By 4:19 p.m., EST, benchmark Brent crude futures were up over 3 per cent or $1.96 to $62.80/barrel and are on track for a weekly gain of about 2 per cent. US West Texas Intermediate futures climbed $1.51 to $55.30/barrel. WTI is expected to post a 3.1 per cent gain this week.
According to Reuters, oil prices were buoyed after strong US job growth boosted demand for equities. As well, Baker Hughes reported on Friday that the US oil rig count was down by 15 to 847. The rig count fell the most in a month since April 2016.
Surprising strong US job growth boosted Wall Street, propping up oil prices.
This week, the Trump administration imposed sanctions on Venezuelan crude exports, stranding takers in ports.
“We are beginning to see the impact to crude supplies from the sanctions on Venezuela. It has driven up domestic crude prices, cutting into refiner margins,” Andrew Lipow, president of Lipow Oil Associates told Reuters.
“That, combined with Saudi cuts and Libyan production declines has changed market sentiment as we appear to be moving towards a better balanced supply situation.”
With heavy crude prices rising and imports falling as a result of the sanctions, some US refiners are cutting their crude processing. Market sources told Reuters that gasoline margins fell to their lowest in nearly a decade.

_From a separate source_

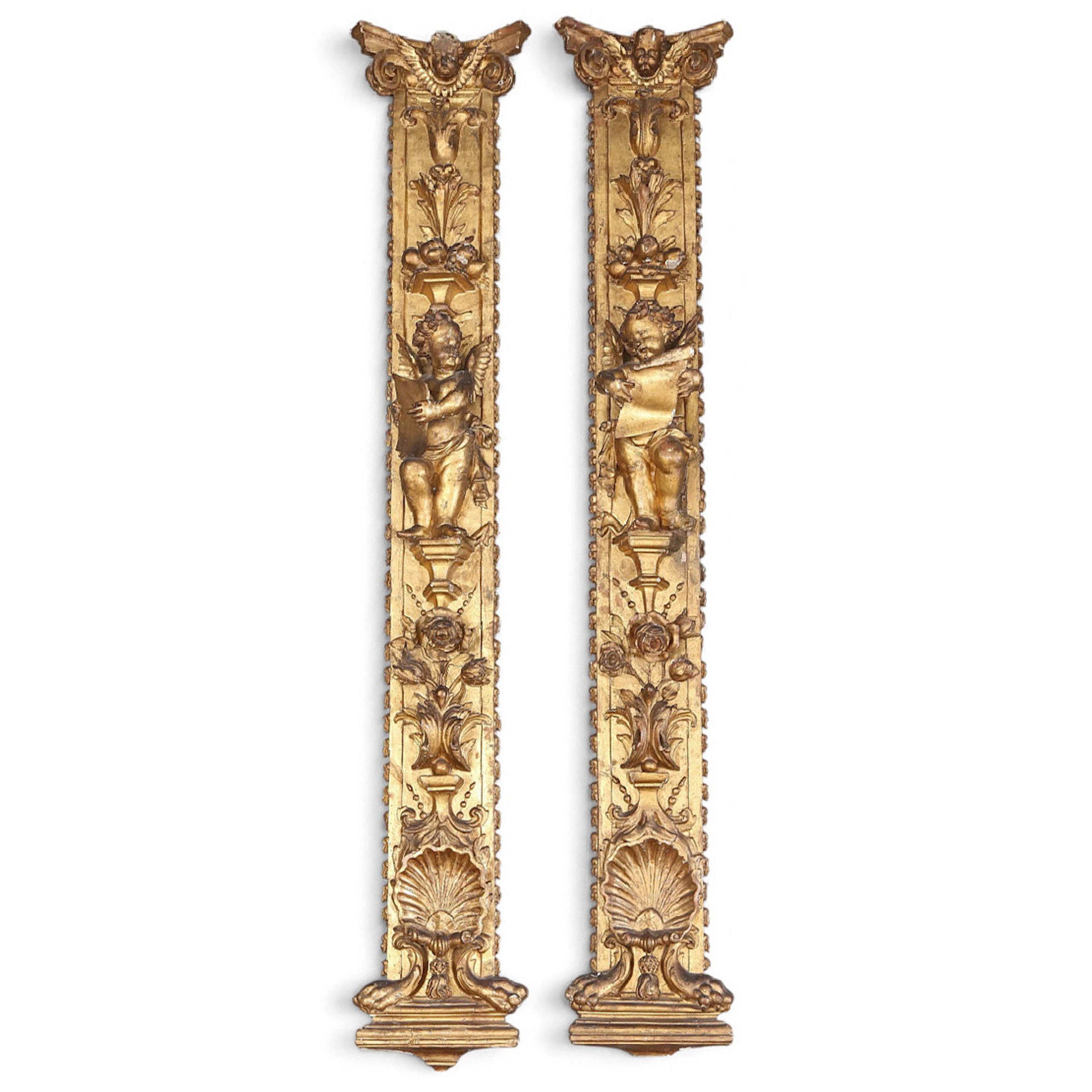 PROBABLY FRENCH SCHOOL, FIRST HALF OF THE 18TH CENTURY. Pair of carved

OPEC along with some of its allies are reducing their output in an effort to rebalance the oil market. In January, Saudi Arabia cut its production by 350,000 barrels per day (b/d), according to a Reuters survey. Participants in the cartel’s production cut are expected to reduce their production by a total of 1.2 million b/d.
Late Thursday, President Donald Trump tweeted that he and Chinese President Xi Jinping will meet soon to try to resolve the trade war. However, in a later tweet, Trump warned he could postpone the talks if preliminary talks do not yield a deal.
Chinese state news agency Xinhua reported that China’s trade delegation said the most recent round of talks with US officials made “important progress”.
“Many traders recognize that sense is likely to prevail and a deal will be struck after the summit – although the shape of any deal will continue to drive a jittery market,” Cantor Fitzgerald Europe said in a note.
China’s economic growth has slowed. A survey showed the country’s factory activity contracted by the most in almost three years in January. This boosted fears about falling fuel demand in China.
Analysts see the oil market returning to balance in 2019 as the OPEC+ cuts take hold.